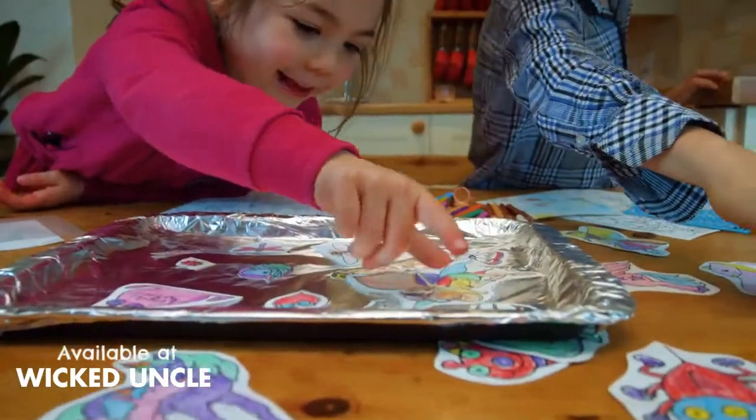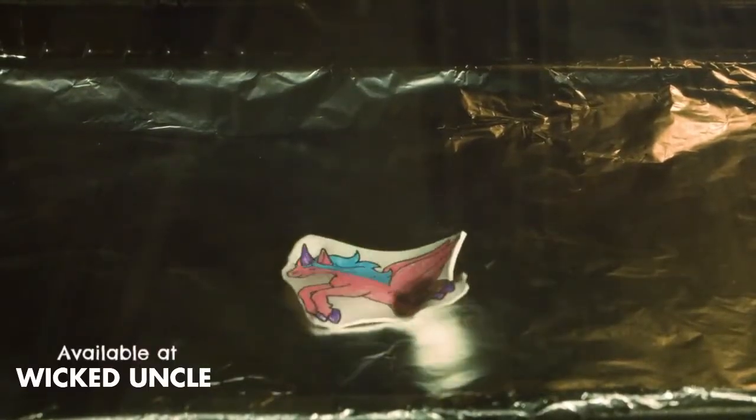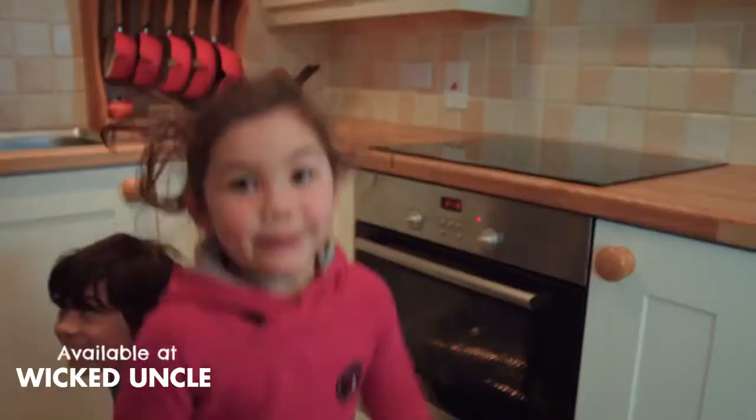Then carefully cut them out, get an adult to place them into a preheated oven and watch as they shrink seven times smaller and seven times thicker.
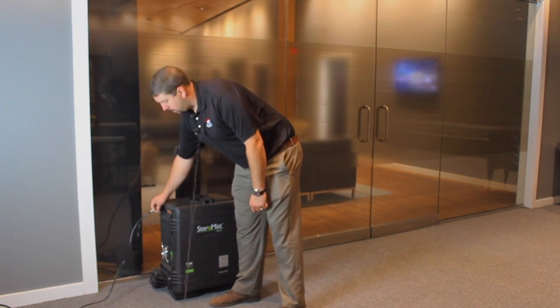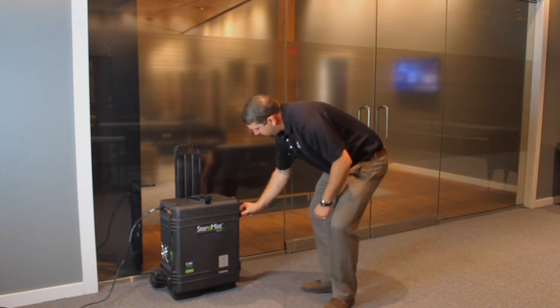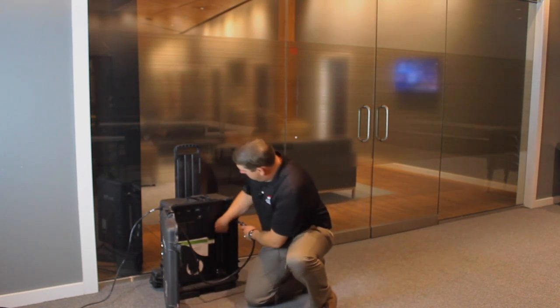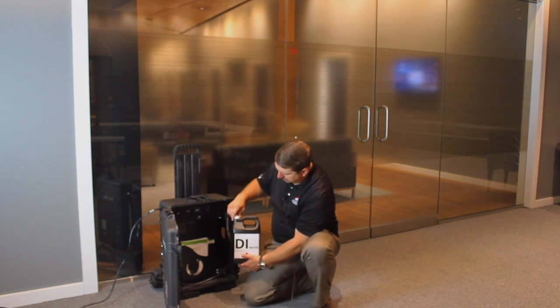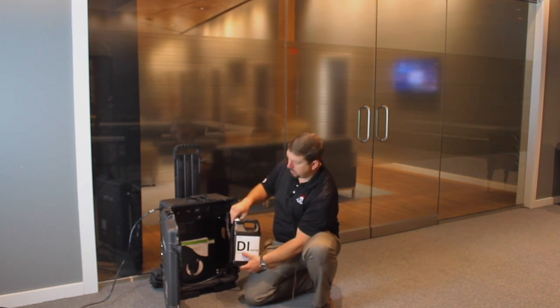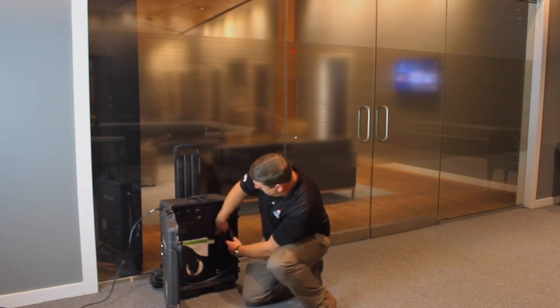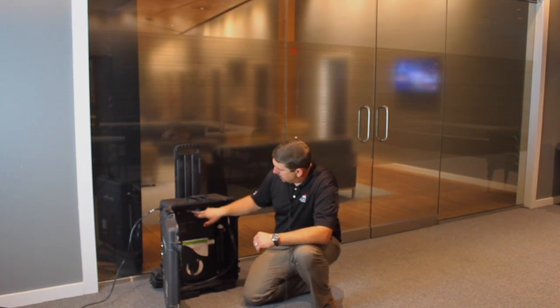We've got a little bit of a head start — the unit is plugged in. We're going to go ahead and turn it on and open it up. The solution we're using today is just deionized water. Normally we would have a 7.8% hydrogen peroxide solution, which requires minimal PPE such as goggles, gloves, and an N95 respirator mask.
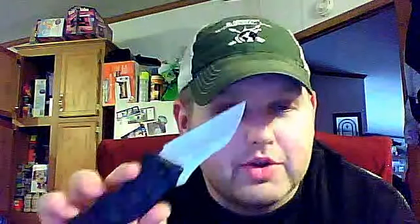It's Sandvik 14C28N stainless steel, so it does have pretty good corrosion resistance and doesn't wear very fast, so you don't have to sharpen it all the time. The blade should last you for a long time. It does have their assisted opener. The blade is about 3 inches long, overall about 7⅛ inches long. I kind of wish the handle was just a little longer — it's just a little short.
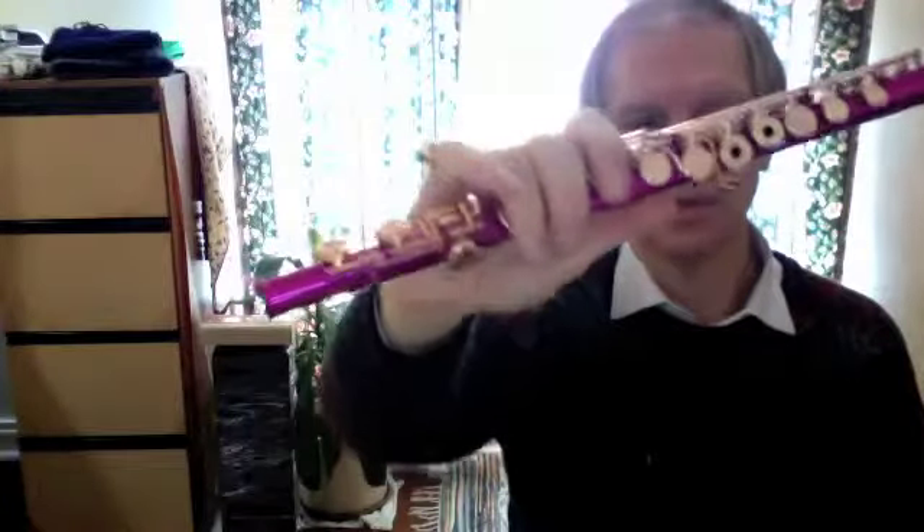This is Andrea Scott with a demonstration of a masterpiece pink and gold flute with open tone holes and a C foot joint. The piece I'm going to play for you is called In the Hall of the Mountain King by Edvard Grieg.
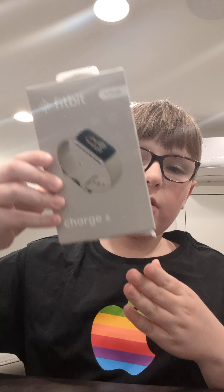Today is the day we've all been waiting for. I'm unboxing and reviewing the Fitbit Charge 9.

----------

» Work item: Exact copy, no images: rewrite the entire listing above.

» Result:
Then carefully cut them out, get an adult to place them into a preheated oven and watch as they shrink seven times smaller and seven times thicker.
We've got a little bit of a head start — the unit is plugged in. We're going to go ahead and turn it on and open it up. The solution we're using today is just deionized water. Normally we would have a 7.8% hydrogen peroxide solution, which requires minimal PPE such as goggles, gloves, and an N95 respirator mask.
It's Sandvik 14C28N stainless steel, so it does have pretty good corrosion resistance and doesn't wear very fast, so you don't have to sharpen it all the time. The blade should last you for a long time. It does have their assisted opener. The blade is about 3 inches long, overall about 7⅛ inches long. I kind of wish the handle was just a little longer — it's just a little short.
This is Andrea Scott with a demonstration of a masterpiece pink and gold flute with open tone holes and a C foot joint. The piece I'm going to play for you is called In the Hall of the Mountain King by Edvard Grieg.
Today is the day we've all been waiting for. I'm unboxing and reviewing the Fitbit Charge 9.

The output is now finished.